Sunday, October 30, 2016

Wisata Mirip Raja Ampat Berada Di Bali (Pulau Seribu Nusa Penida)

Traveling Nusa Penida Bali Mirip Raja Ampat

Wisata Mirip Raja Ampat Di Bali - Kali ini httmworld.com akan share info traveling yang mungkin belum anda ketahui. Keindahan seperti Raja Empat yang sudah mendunia ternyata juga dapat dirasakan sensasinya di Bali. Simak kisah menariknya seperti yang kami kutip dari halaman TribunNews

Nusa Penida, satu kawasan wisata di Bali yang sudah tidak asing lagi bagi wisatawan lokal maupun asing.

Bahkan banyak wisatawan asing yang selalu ingin kembali ke Nusa Penida saat berlibur ke Bali.

Alamnya masih murni, pemandangannya memukau, ditambah lagi pantai yang tenang berpasir putih, serta gua kapur, dan bukit yang indah hingga tebing karang di tepian laut.
Satu di antara sekian tempat yang berhasil menyihir pengunjung adalah Pulau Seribu yang terletak di Banjar Pelilit, Desa Tanglad, Kecamatan Nusa Penida.

Tempat wisata ini berada di sebelah Pantai Atuh yang sempat populer belakangan ini.
Pulau Seribu adalah sebuah bukit yang berada di atas laut dan memiliki pemandangan yang luar biasa.

Seseorang akan segera terkagum tatkala melihat susunan bebatuan dan tebing-tebing seperti benteng yang melindungi bukit ini.
Untuk mencapai tempat ini, pengunjung harus berkendara selama satu jam dari Pelabuhan Buyuk.

Setelah sampai di sana, pengunjung perlu melanjutkan perjalanan dengan tracking selama kurang lebih 15 menit dari tempat parkir. Pengunjung akan melewati jalan setapak dan menuruni bukit yang sedikit terjang.

Terdapat tangga sederhana yang dibuat dari tanah dan batu kapur yang dibangun oleh warga setempat.

Jika ada tanah yang licin dan rawan longsor, akan ditambahkan kayu sebagai penyanganya.
Sangat sederhana dan sedikit menantang. Ada juga tali tambang yang melintang sepanjang jalan yang berfungsi sebagai pegangan pengunjung agar tidak terpeleset saat berjalan.

Rasa lelah setelah menuruni bukit dan melintasi tegalan, akan terbayar sempurna setelah menginjakkan kaki di Pulau Seribu.

Di sana pengunjung akan melihat pemandangan pantai dengan pulau-pulau kecil berjejer di tengah samudra.

Selain itu, di sekitarnya terlihat pula tebing-tebing yang menjulang ke atas jurang dan perbukitan. Di pinggir bukit, diberi pembatas yang terbuat dari kayu.

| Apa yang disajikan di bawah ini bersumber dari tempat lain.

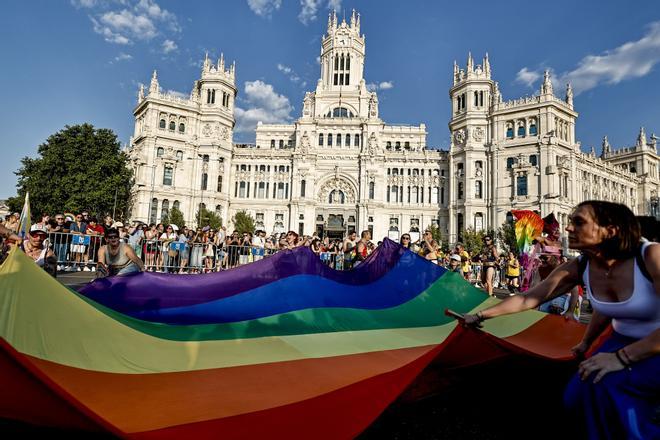 La manifestación del Orgullo LGTBIQ+ 2026 de Madrid, en imágenes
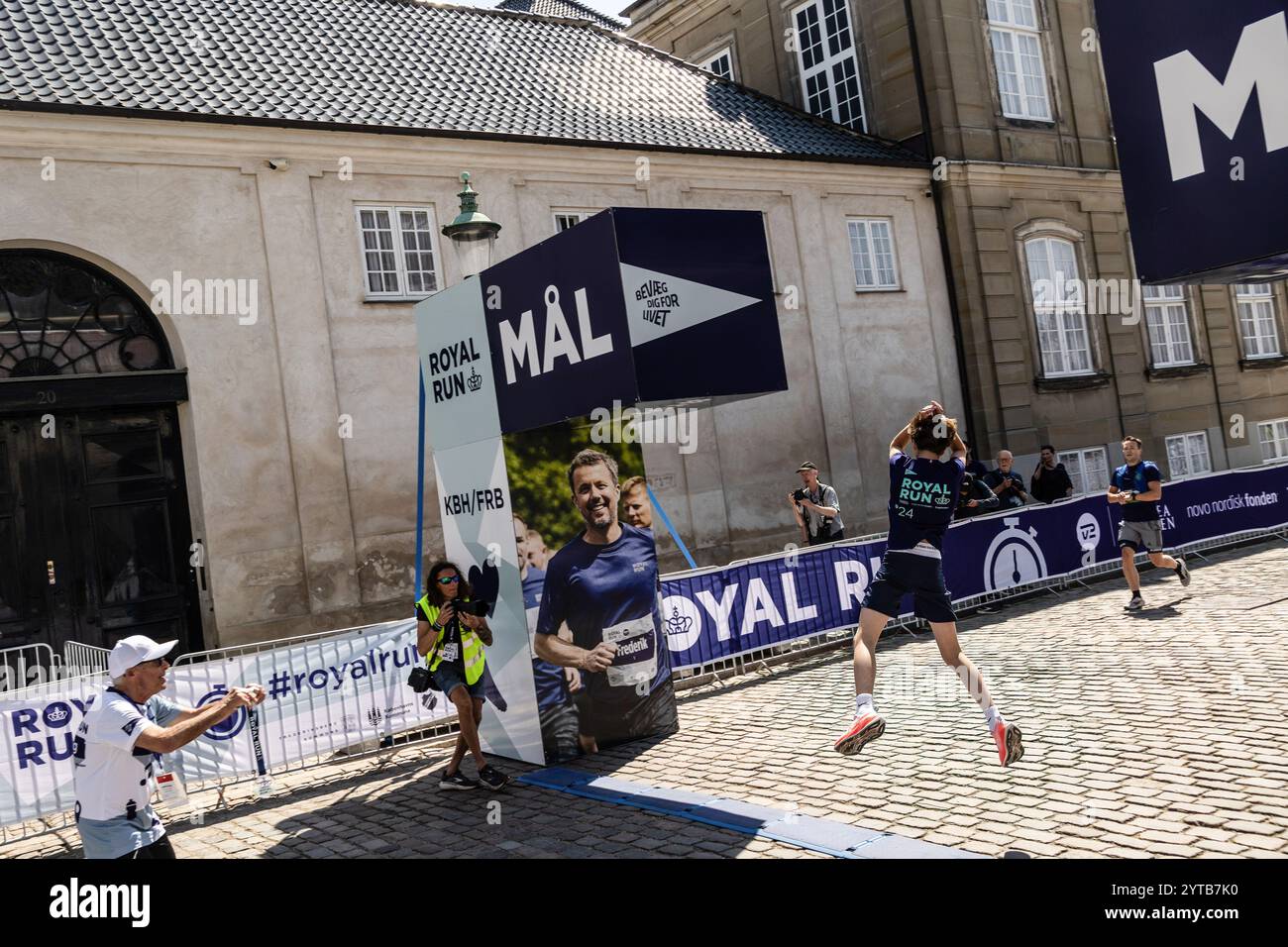 Kopenhagen, Dänemark. Mai 2024. Der dänische Prinz Vincent erreicht die Ziellinie in Amalienborg, nachdem er während des Royal Run an einem One Mile Familie-Lauf teilgenommen hat. (Credit Image: © Kristian Tuxen Ladegaard Berg/SOPA Images via ZUMA Press Wire) NUR REDAKTIONELLE VERWENDUNG! Nicht für kommerzielle ZWECKE! Stockfoto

Di ujung bukit juga dibangun fasilitas tempat istirahat seperti wantilan kecil, dilengkapi pula dengan padmasana untuk persembahyangan.

Menurut wisatawan setempat, Komang Wangi Cahyani yang akrab disapa Mangut, pemandangan di Pulau Seribu hampir mirip dengan pemandangan di Raja Ampat, Papua.
“Saya berkunjung di sini, saya ngerasa berada di Raja Ampat. Tidak rugi saya jauh-jauh datang ke sini, meskipun kaki pegal akibat nurunin bukit yang tadi itu.

Pemandangannya sangat indah, pokoknya alam Nusa Penida is the best,” ungkap Mangut sembari mengacungkan kedua jempolnya.

Di tempat wisata ini, juga terdapat rumah pohon yang berukuran mungil.

Walaupun terlihat kecil, tapi rumah pohon ini kuat dan aman.
Warga setempat menyebut rumah pohon ini sebagai Rumah Pohon Batu Molenteng.
Lokasinya sedikit ekstrem yakni berada di atas pohon yang tidak terlalu besar tapi mempunyai banyak cabang.

Untuk mempermudah wisatawan masuk ke dalam rumah pohon, terdapat tangga kayu yang disusun rapi.

Ada juga tali tambang sebagai pegangannya.
Dari atas Rumah Pohon Batu Molenteng, pengunjung bisa melihat pemandangan yang lebih menakjubkan.

Hamparan samudra serta tebing-tebing terlihat begitu lebih indah.
Terlebih deburan ombak yang menghantam pulau-pulau kecil, sangat mempesona.
Tidak jarang jika pengunjung silih berganti datang ke tempat wisata ini.

Apalagi saat libur hari raya, pengunjung bisa mencapai ratusan orang dalam seharinya.
Jika ingin berkunjung ke tempat ini, seseorang hanya cukup membayar parkir sebesar Rp 5 ribu.